Aux adultes qui lui demandaient qui elle voudrait être quand elle serait grande, la jeune Edith Wharton (1862-1937) répondait : « La femme la mieux habillée de New York. » Elle le fut. Chaque année, une malle remplie de ­robes lui était expédiée de Paris. L’Américaine portait des chapeaux extravagants, collectionnait les demeures somptueuses et adorait poser sur les photos avec ses chiens de race.

Pourtant, derrière cette apparente superficialité fortunée se cachait un esprit rare. L’écrivain français Paul Bourget (1852-1935), qui la rencontra en 1893 – elle avait 30 ans –, en fut le premier ébloui : « Quoiqu’elle s’habille chez les premiers faiseurs de la rue de la Paix (…), il n’y a pas un livre de Darwin, de Huxley, de Spencer ou de Taine qu’elle n’ait lu, pas un peintre, pas un sculpteur (…), pas une école de poètes ou de romanciers dont elle ne sache les théories » – une soif de culture « à rendre honteux tous les gens de lettres parisiens ». Ajoutez à cela un don d’observation, une finesse et une liberté de plume hors pair, et vous comprendrez pourquoi cette grande amie d’Henry James (1843-1916) fut l’une des écrivaines les plus marquantes de son époque.

Avec Chroniques de New York, elle ­entre aujourd’hui dans la collection « Quarto » : l’occasion de redécouvrir certains de ses grands romans, tels L’Age de l’innocence (1920, prix Pulitzer ; Plon, 1921 ; adapté par Martin Scorsese en 1993) ou Les Beaux Mariages (1913 ; ­Robert Laffont, 1964), et les nouvelles de Vieux New York (1924 ; Flammarion, 1989), dans une édition enrichie de deux dossiers, l’un sur Wharton et le cinéma, l’autre sur l’histoire de New York, jusqu’à la fin de ce qu’on appelle le Gilded Age (« l’âge doré »), cette période de prospérité qui s’étend de la fin de la guerre de Sécession (1865) au début du XXe siècle.

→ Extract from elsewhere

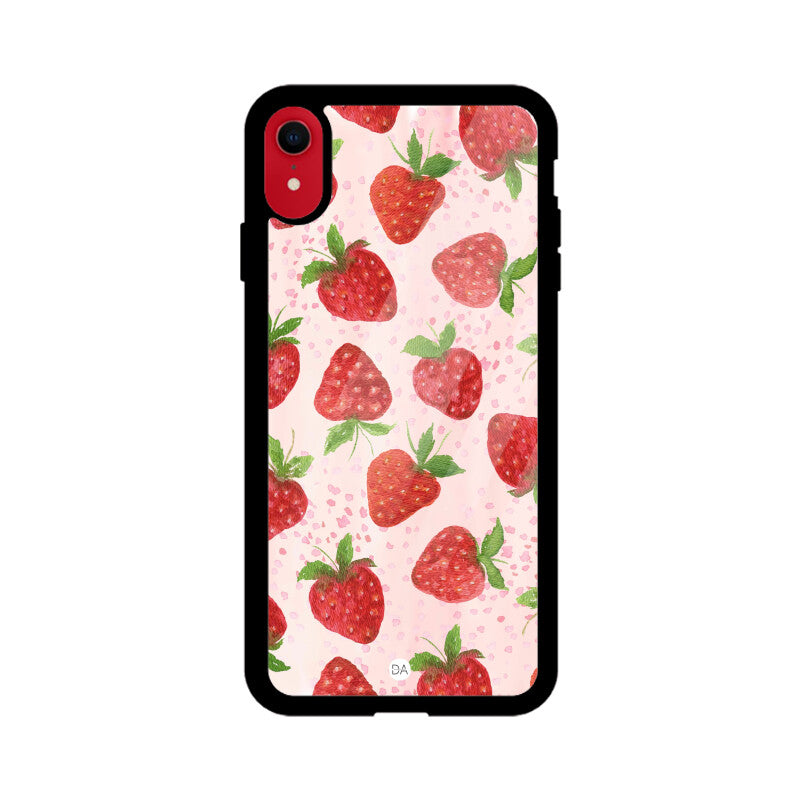 Strawberry Design Case For iPhone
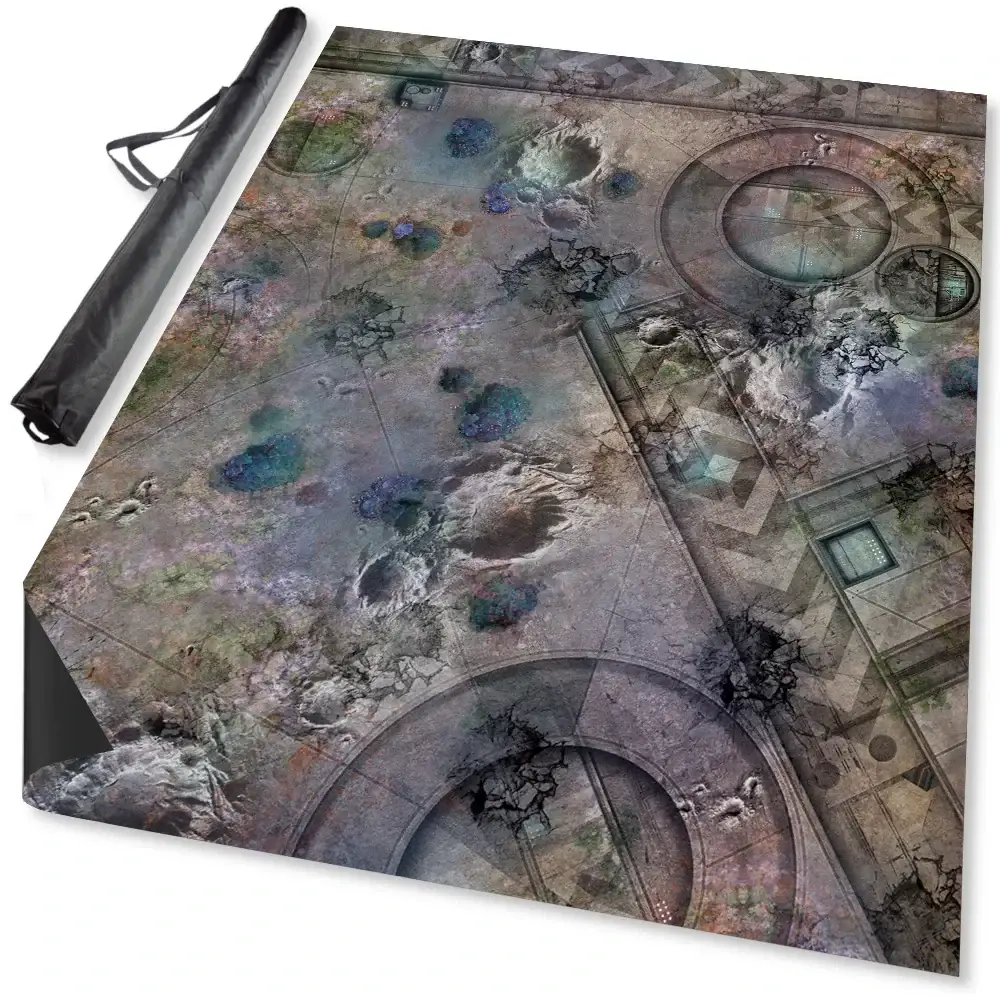 Terrain Crate: Battle Mat - Grim Battlefield (44"x60")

Mais la vraie nouveauté de ce volume est la retraduction, par le grand américaniste Marc Chénetier, du roman The House of Mirth (1905), connu jusqu’à présent en France sous le titre Chez les heureux du monde (Plon, 1908). « The house of mirth » est une expression issue de la Bible du roi Jacques (Ecclésiaste, 7, 4), dont Wharton cite le verset en exergue, et dans lequel le mot rendu en anglais par mirth est traduit en français par « joie », « plaisir » ou encore « liesse », terme retenu par Marc Chénetier : « Le cœur des sages est dans la maison de deuil, et le cœur des insensés dans la maison de liesse. » Il a gardé en titre La Maison de liesse pour désigner New York, cette vaste foire aux vanités où s’ébattent des fous. Sa traduction a les qualités des robes de Wharton : beauté, élégance, fluidité. Et, bien sûr, modernité, car la précédente, signée de l’écrivain et critique Charles Du Bos (1882-1939), datait un peu.